Although the Add/Drop process is a vital example of the freedom BHSEC students are given, at our school, unlike in college, our teachers have a legal requirement to take attendance. Many students, such as Peter Hook (Y1), were placed in electives that were far from the ones they had requested. “It took me until Friday to get off of a waitlist and into an elective I wanted. I wasn’t able to hand in my Add/Drop form until Tuesday, which meant there was a possibility I was marked absent Monday” said Hook. Besides the problem with attendance, students who switched into classes towards the end of Add/Drop are often behind in their new classes, as teachers can’t afford to waste a week of their course.
It is clear that certain improvements are needed for the Add/Drop operation.
First of all, to avoid having students give up their spots in line because they have to get to class, an earlier start to Add/Drop is warranted. Additionally, students who only need to sign up for waitlists have complained that there is a lack of uniformity among how teachers manage their waitlists. Io Brooks (Y1) argued, “teachers should all use the same system; some teachers put up public waitlists, others don’t use waitlists, and it can be very complicated trying to coordinate with each teacher’s preferences.” Brooks also mentioned that at BHSEC Queens, students are informed of the meeting times of classes before they sign up for them, which makes their Add/Drop period a lot more efficient. While this may not be completely possible at BHSEC Manhattan, since the permanence of classes seen in the course guide relies on the number of students that sign up for them, it would be possible for the number of students initially enrolled in a class to be added to the course guide sent to students at the beginning of Add/Drop, as well as the typical maximum number of students allowed in each class. This would enable students to make better judgments before attempting to rearrange their schedules.

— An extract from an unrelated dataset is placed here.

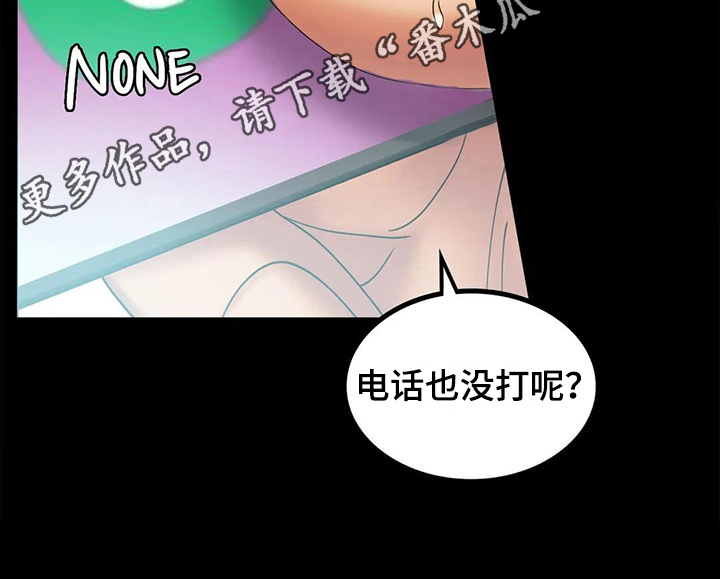 第28章：不联系22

A less realistic idea proposed by some students is to try and move the Add/Drop process online. With many classes so intertwined into programs such as Moodle and Schoology, and some even using an online textbook, some wonder whether instead of running up and down stairways to be the first one on a waitlist, it would be possible to type their name on an online list. Yet this dreamlike solution has flaws—for one, not all students have regular access to the Internet. Also, any time chosen to begin the process would be in conflict with at least one student. Overall, while most students are able to achieve some version of their schedule that they are satisfied with, it is not without a little sweat and luck that they do so. Although the Add/Drop process does work, there are a few adjustments that need to be made to reduce the chaos of the system. This would lead to a better start to the semester for everyone.